Per arginare e combattere questi fenomeni di consumo intorno alle malattie, per contrastare la convinzione che fare di più sia sempre meglio, che il nuovo sia sempre da preferire al vecchio, sull’onda di Slow food, nasce il movimento Slow medicine: una rete di persone, gruppi e istituzioni che vogliono dare nuove basi alla medicina e che hanno dato forma alla loro “filosofia” pubblicando un libro firmato da Giorgio Bert, Andrea Gardini e Silvana Quadrino (Slow Medicine, Sperling&Kupfer 2013).
Così come Slow food si è fatto sostenitore di un’alimentazione attenta e consapevole, così Slow Medicine si fa promotore di una medicina libera dalle pressioni commerciali e attenta ai bisogni dei pazienti, giusta perché uguale per tutti, sobria perché contraria allo spreco e sostenibile perché consente un utilizzo rispettoso delle risorse disponibili, delle persone e dell’ambiente. La scelta slow è un’esortazione rivolta a tutta la comunità, medici, pazienti e istituzioni, è un caloroso invito a esercitare la capacità di scegliere, discernere, informarsi e valutare senza finire nelle gabbie dei bisogni indotti dal mercato.

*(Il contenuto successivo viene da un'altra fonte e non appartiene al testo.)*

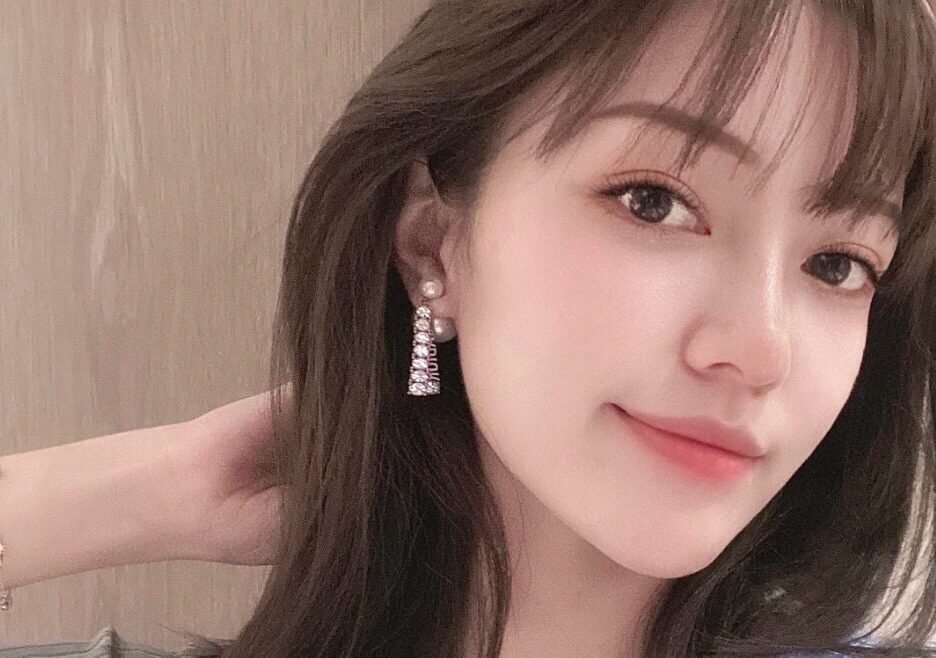 Dior TRBALES pearl stud earrings view 1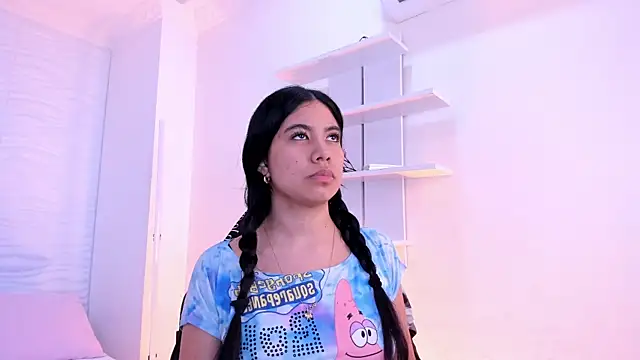 Snapshot of AylinLove_ chatting on August 2026 11:31:02 AM AylinLove online show from August 2026 11:31:02 AM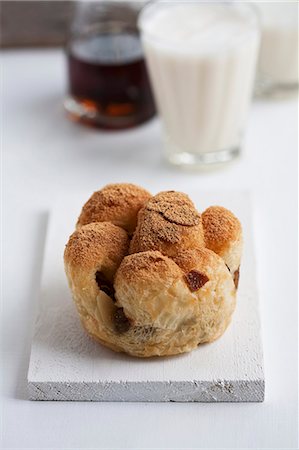 danish - Pfaffenhut (puff pastry turnover) with pear filling Stock Photo - Premium Royalty-Free, Code: 659-07027808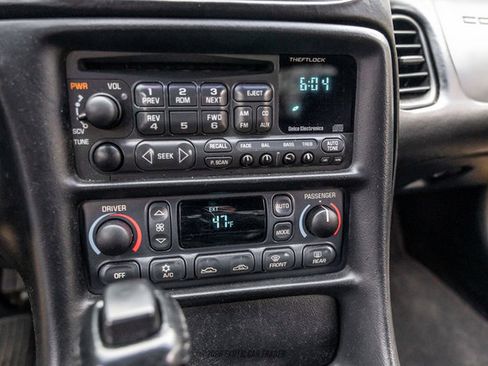 Used 2001 Chevrolet Corvette Convertible w/ Preferred Equipment Group2 image 36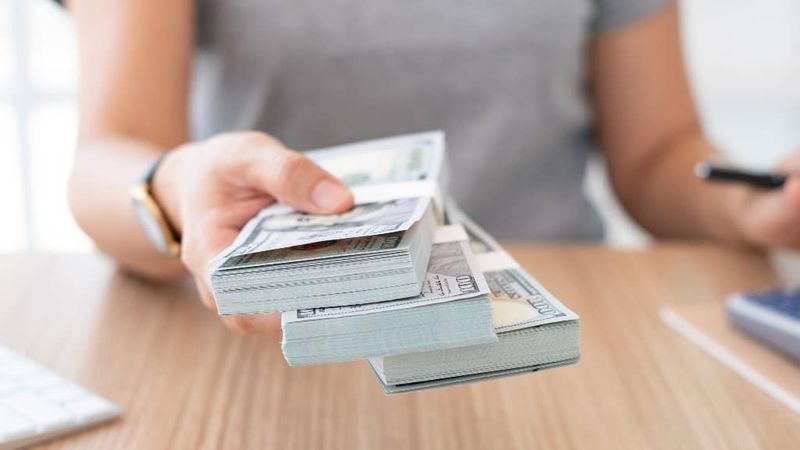 Using Payday Loans or Cash Advances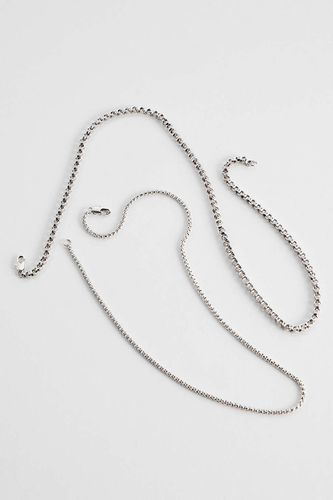 Collier multicouche à chaîne simple UO par en taille: TAILLE UNIQUE - Urban Outfitters - Modalova
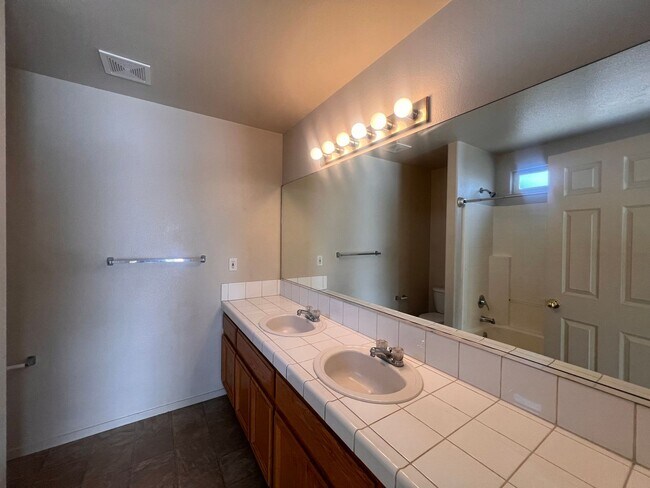 Building Photo - Cute 3 bedroom home Located in Donner Trails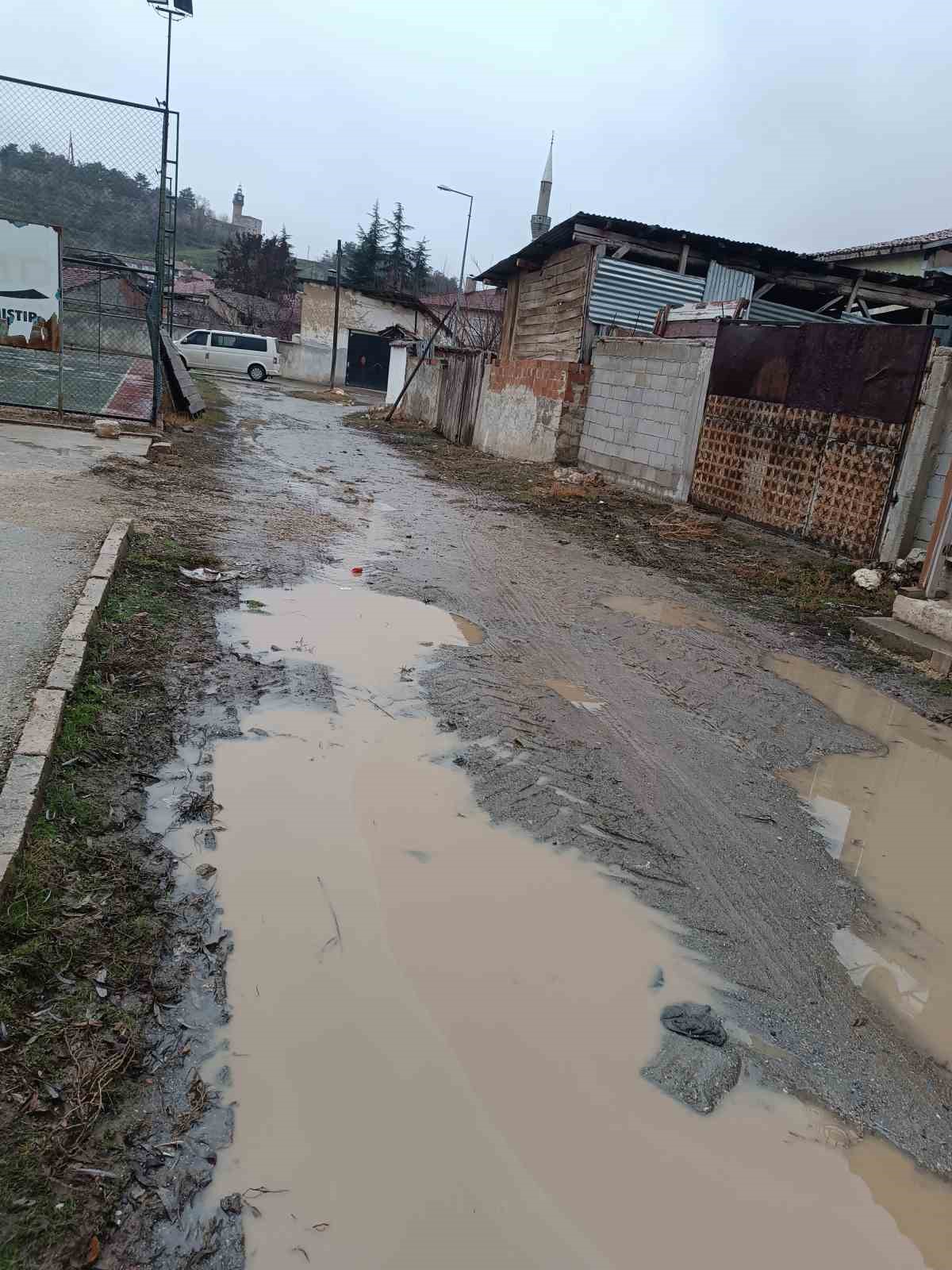 Mahalle sakinlerinden CHP&rsquo;li Zile Belediyesine acil &ccedil;&ouml;z&uuml;m &ccedil;ağrısı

È semplice: smettere di fare ai medici richieste ingiustificate. È stato stimato che nei prossimi quaranta anni la spesa sanitaria raddoppierà mettendo in crisi il nostro Sistema Sanitario. Sappiamo che moltissime delle prestazioni richieste o dei farmaci prescritti sono inutili. Allora perché il medico li prescrive? Forse perché la relazione di fiducia tra medico e paziente si è interrotta, e senza la fiducia una relazione di cura non esiste. Così, il paziente che chiede al medico quello che pensa gli serva e si sente rispondere di no, cercherà un altro medico che accontenti le sue richieste e farà quello che aveva in mente di fare… a spese dell’intera collettività. Sembra che la cosa che più interessa i pazienti sia la prescrizione di farmaci, esami e terapie. Allora, per una medicina sobria, giusta e sostenibile anche i pazienti devono fare la loro parte.